La transformación del paradigma galo en una actitud esencialmente defensiva ante el islam y la población musulmana en Francia no ha servido para resolver las tensiones entre los imperativos éticos y políticos de la democracia europea y el modelo de republicanismo laico. Es evidente que, a este respecto, el compromiso del secularismo francés con una política de asimilación pura y dura ha sido responsable del ascenso del fundamentalismo entre los jóvenes musulmanes. Al menos parte de la responsabilidad, si no toda, de dicho ascenso en Europa y Oriente Medio corresponde a un concepto universalista de secularismo que no ha sido tan sensible a los problemas y los desafíos de las comunidades religiosas como a la gestión tecnocientífica de la sociedad. Es indudable que el paradigma francés no podrá aportar nada a la diversidad de la comunidad europea mientras no entable un diálogo equiparable con diferentes religiones y culturas y, especialmente, con la tradición islámica.

En contraste, el modelo indio tiene su fundamento en la idea de unidad en la diversidad. Nehru se negó a definirlo en función de una política coactiva y de la construcción de un Estado autocrático. En este sentido, invita a la comparación con Atatürk y el sha Reza Pahlevi. No hay que olvidar que, aunque la división entre comunidades a la que se enfrentaban Nehru y otros padres de la Constitución india era infinitamente más compleja que en Turquía e Irán, se negaron a concebir y practicar el secularismo como una ideología contra la religión. Desde su punto de vista, era una política de la diversidad que tenía en cuenta el papel del Estado como protector de todas las comunidades religiosas. Al inclinarse por él, no sólo optaron por la democracia, sino por la armonía entre distintas confesiones y por el diálogo entre diferentes tradiciones culturales. Se presentó como un modelo de simetría, en el que la aceptación de la legitimidad del pluralismo y la diversidad era fundamental. Sin embargo, con el fin de que ese pluralismo funcionara y lograse definir el bien común, todas las comunidades religiosas tenían que lograr un consenso mínimo sobre valores y normas comunes para resolver conflictos entre distintos grupos religiosos. Ese consenso mínimo debía actuar como fuerza unificadora en medio de la diversidad. Como consecuencia, el respeto mutuo y la tolerancia se convirtieron en los valores más importantes para mantener la diversidad religiosa en India y el secularismo se estableció como puente en una sociedad multirreligiosa y una forma de extender el principio del pluralismo a la religiosidad.

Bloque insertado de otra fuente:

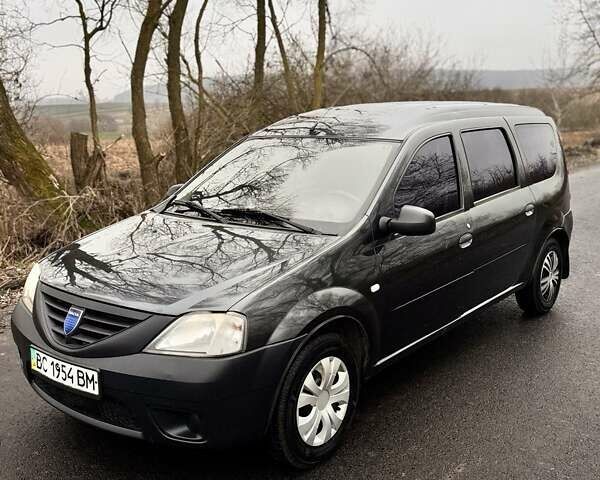 Серый Дачия Логан, объемом двигателя 1.6 л и пробегом 285 тыс. км за 4700 $, фото 1 на Automoto.ua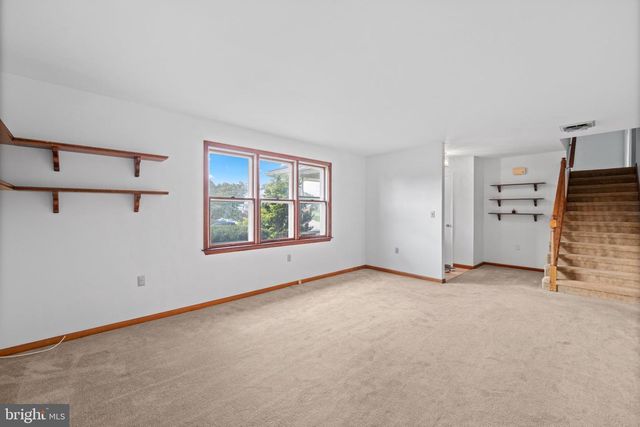 903 MANOR DR, Harrisburg, PA 17113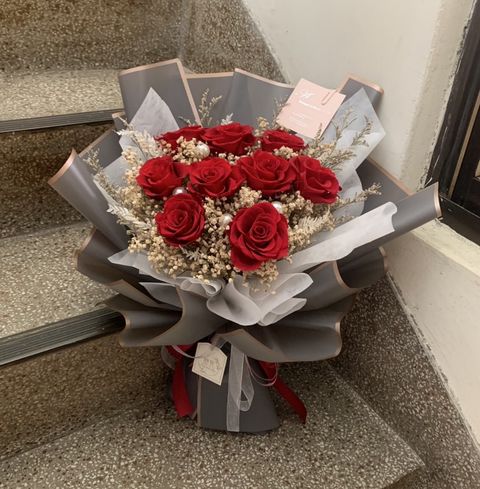 【九朵紅色玫瑰花束💐】客製玫瑰花束／乾燥花／情人節／母親節／畢業花束／紀念日／求婚婚禮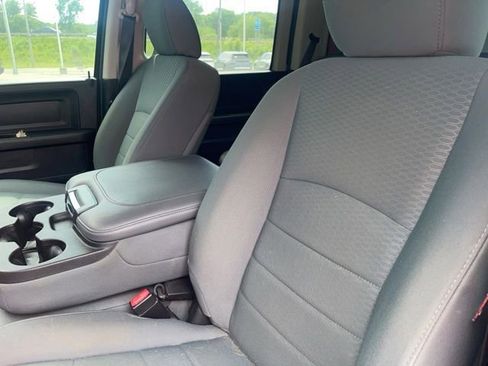Used 2017 RAM 1500 ST w/ SXT Appearance Group AWD/4WD image 9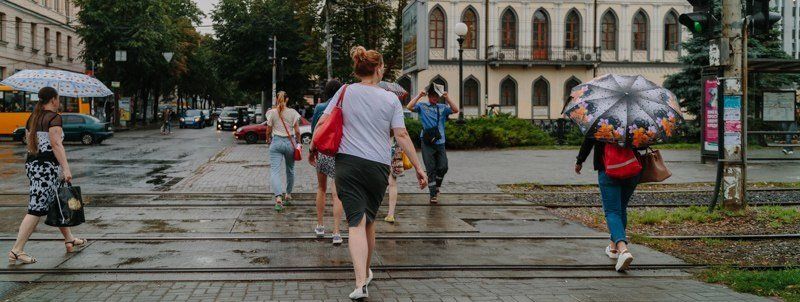 В Днепре пошел летний дождь: красивые фото непогоды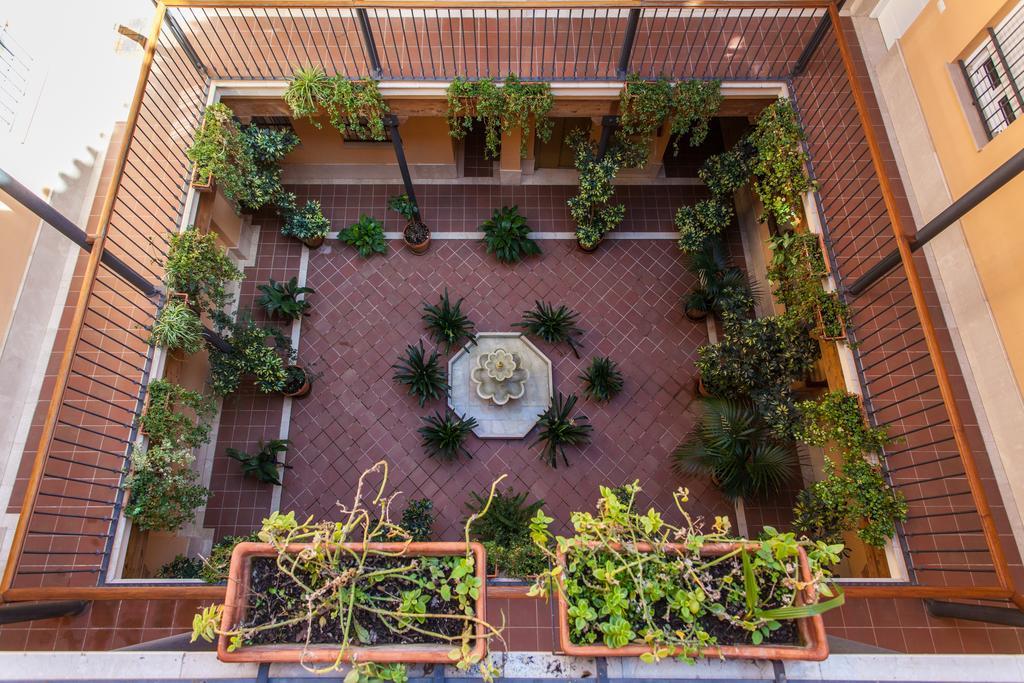 Bedouin Chic Rooftop - Space Maison Apartment Seville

Si tenemos en cuenta las características de la política contemporánea de secularización, como el avance de la racionalidad, la coacción y la autoridad del Estado, sería más fácil diferenciar y valorar el concepto indio. La doctrina del muro de separación no puede aplicarse de forma estricta a la hora de interpretar y poner en práctica el concepto de secularismo de India en Oriente Medio. Dado que el paradigma francés no es aplicable al mundo musulmán, es necesario encontrar un criterio que permita que, cuando se produzca la intervención del Estado en el ámbito de la religión, resulte justo y legítimo para los miembros del grupo religioso en cuestión. Da la impresión de que el modelo indio, basado en la tolerancia y la garantía de protección de todas las comunidades religiosas, en igualdad de condiciones y sin favorecer a ninguna en particular, puede proporcionarnos ese criterio. Ésa es la única forma de poder revisar toda nuestra estrategia para abordar el futuro de las sociedades musulmanas, en la medida en la que podamos permitir que el paradigma pluralista del hogar compartido represente una solución de tercera vía a la crisis de las sociedades políticas en Oriente Medio, y una alternativa opuesta al autoritarismo laico del Estado y el ascenso del fundamentalismo religioso en la sociedad civil.